Chorus [from The Glass House of Forgetting]

We never knew what to make of the couple. They weren’t like us at all—their skin color, their features, hair, attire, demeanors. They seemed fake, frankly. Always smiling and the woman—always trying to eavesdrop and speak Arabic.

And that House of Forgetting of theirs—so open and exposed. Yes, we spied on them—every chance we had. With binoculars from a distance as if we were watching for fishing boats, their boat to transport their guests, sea birds, or falcons.

They must have been very rich to afford a house like that. We doubted that their guests paid enough to maintain that glass box of many windows. They were making money in our country, nonetheless, and had more money than any of us.

They only cared about Westerners—though they tried to befriend a handful of us. The old woman in the souk liked the wife—probably because she spent so much money on herbs and oils for their white witchcraft. They killed their daughter, the woman who could not remember anything, and the oldest man of our village. Those deeds could not go unpunished.

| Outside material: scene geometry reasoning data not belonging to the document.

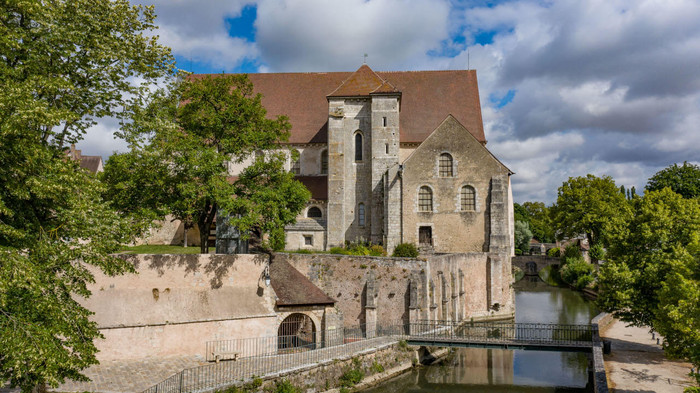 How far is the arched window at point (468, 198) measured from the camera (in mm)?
34500

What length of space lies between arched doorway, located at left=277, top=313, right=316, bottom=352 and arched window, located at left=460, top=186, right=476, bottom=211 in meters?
14.4

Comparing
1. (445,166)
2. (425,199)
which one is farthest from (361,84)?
(425,199)

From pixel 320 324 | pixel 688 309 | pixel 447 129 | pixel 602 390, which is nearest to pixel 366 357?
pixel 320 324

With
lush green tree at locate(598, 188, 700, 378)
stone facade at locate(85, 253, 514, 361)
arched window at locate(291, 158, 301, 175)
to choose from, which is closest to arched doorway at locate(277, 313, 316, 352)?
stone facade at locate(85, 253, 514, 361)

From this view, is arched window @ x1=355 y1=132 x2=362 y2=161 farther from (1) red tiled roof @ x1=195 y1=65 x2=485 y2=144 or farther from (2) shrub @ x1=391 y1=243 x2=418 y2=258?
(2) shrub @ x1=391 y1=243 x2=418 y2=258

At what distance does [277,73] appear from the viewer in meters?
42.2

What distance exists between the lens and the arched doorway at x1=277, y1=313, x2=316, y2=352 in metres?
22.6

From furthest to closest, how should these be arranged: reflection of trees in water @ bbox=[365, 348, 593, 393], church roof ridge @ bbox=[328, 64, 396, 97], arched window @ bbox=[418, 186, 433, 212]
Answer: church roof ridge @ bbox=[328, 64, 396, 97] → arched window @ bbox=[418, 186, 433, 212] → reflection of trees in water @ bbox=[365, 348, 593, 393]

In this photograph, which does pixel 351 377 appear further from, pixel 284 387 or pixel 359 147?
pixel 359 147

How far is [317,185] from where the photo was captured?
3725cm

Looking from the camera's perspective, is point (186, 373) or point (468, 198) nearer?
point (186, 373)

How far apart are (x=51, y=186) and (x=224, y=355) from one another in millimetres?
10787

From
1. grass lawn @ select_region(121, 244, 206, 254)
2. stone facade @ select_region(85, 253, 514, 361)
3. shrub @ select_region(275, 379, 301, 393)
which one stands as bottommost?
shrub @ select_region(275, 379, 301, 393)

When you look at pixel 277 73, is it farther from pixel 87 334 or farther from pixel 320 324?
pixel 87 334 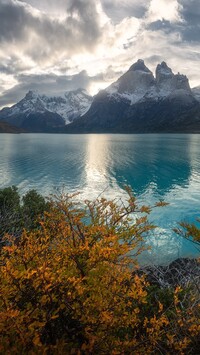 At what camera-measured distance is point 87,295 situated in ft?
29.8

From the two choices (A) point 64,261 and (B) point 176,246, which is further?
(B) point 176,246

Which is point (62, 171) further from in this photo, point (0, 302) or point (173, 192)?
point (0, 302)

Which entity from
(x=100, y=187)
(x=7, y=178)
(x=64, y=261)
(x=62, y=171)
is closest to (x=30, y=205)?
(x=64, y=261)

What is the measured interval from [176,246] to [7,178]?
184 feet

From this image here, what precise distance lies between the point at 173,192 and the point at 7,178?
4681 cm

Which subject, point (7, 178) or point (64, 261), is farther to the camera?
point (7, 178)

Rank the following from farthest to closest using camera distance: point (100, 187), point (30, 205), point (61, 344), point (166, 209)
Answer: point (100, 187) → point (166, 209) → point (30, 205) → point (61, 344)

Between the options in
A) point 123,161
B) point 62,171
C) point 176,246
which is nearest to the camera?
point 176,246

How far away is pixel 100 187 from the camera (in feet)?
237

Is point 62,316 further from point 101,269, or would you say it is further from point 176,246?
point 176,246

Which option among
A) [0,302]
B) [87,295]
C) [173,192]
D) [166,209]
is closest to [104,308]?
[87,295]

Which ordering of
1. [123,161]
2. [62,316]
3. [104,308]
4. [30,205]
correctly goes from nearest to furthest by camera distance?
[104,308] → [62,316] → [30,205] → [123,161]

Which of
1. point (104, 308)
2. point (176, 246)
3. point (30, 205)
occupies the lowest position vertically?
Result: point (176, 246)

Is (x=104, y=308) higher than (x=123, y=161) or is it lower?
higher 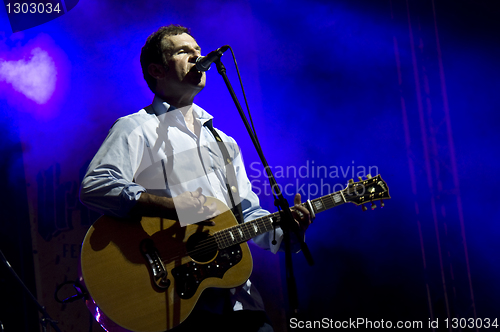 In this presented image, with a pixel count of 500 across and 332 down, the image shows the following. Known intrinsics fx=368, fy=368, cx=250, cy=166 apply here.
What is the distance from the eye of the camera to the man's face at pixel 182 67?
2.40 m

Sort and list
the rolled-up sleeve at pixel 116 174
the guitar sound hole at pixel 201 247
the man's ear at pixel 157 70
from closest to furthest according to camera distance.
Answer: the rolled-up sleeve at pixel 116 174, the guitar sound hole at pixel 201 247, the man's ear at pixel 157 70

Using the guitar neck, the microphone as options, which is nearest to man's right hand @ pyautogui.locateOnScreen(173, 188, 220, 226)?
the guitar neck

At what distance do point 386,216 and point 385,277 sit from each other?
60 centimetres

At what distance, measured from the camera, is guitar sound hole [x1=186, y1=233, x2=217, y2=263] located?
1932 millimetres

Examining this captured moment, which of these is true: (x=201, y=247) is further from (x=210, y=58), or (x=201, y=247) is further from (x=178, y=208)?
(x=210, y=58)

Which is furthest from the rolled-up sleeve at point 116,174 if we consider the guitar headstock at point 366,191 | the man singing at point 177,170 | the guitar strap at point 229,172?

And their lighthouse keeper. He was aloof. Not one of us—and not one of them. There was something cagey about him. Some kind of trouble he had caused—a tortured soul, it seemed to all of us.

We were happy to see them go. Were we responsible? We thought so.

We ransacked their bed and breakfast to see what they had left—perhaps money, their rich possessions, and maybe items from their white magic.

We didn’t know about the book in the safe until much later—when everything would be exposed—just like their house. Some of us, in all honesty, prayed for them. They had supposedly helped many people to forget the suffering involved in being human. It didn’t seem fair that some people’s fate brought them more pain than others.

The piercing cries of the cello left behind would haunt us for years. Would we miss them? We would miss our camaraderie when speaking about them. The us against them. They made us cohesive somehow—Berbers and Muslims alike.

When called to prayer, we would think of them and wonder where they were—if they were still alive. They had aged the last few years. And the woman of the house was starting to forget where she lived and who she was, it seemed.

They were gentle people, in the end. It is a shame they couldn’t stay. We couldn’t let them. It was fate, we believed. They had lived amongst us, keeping to themselves, long enough.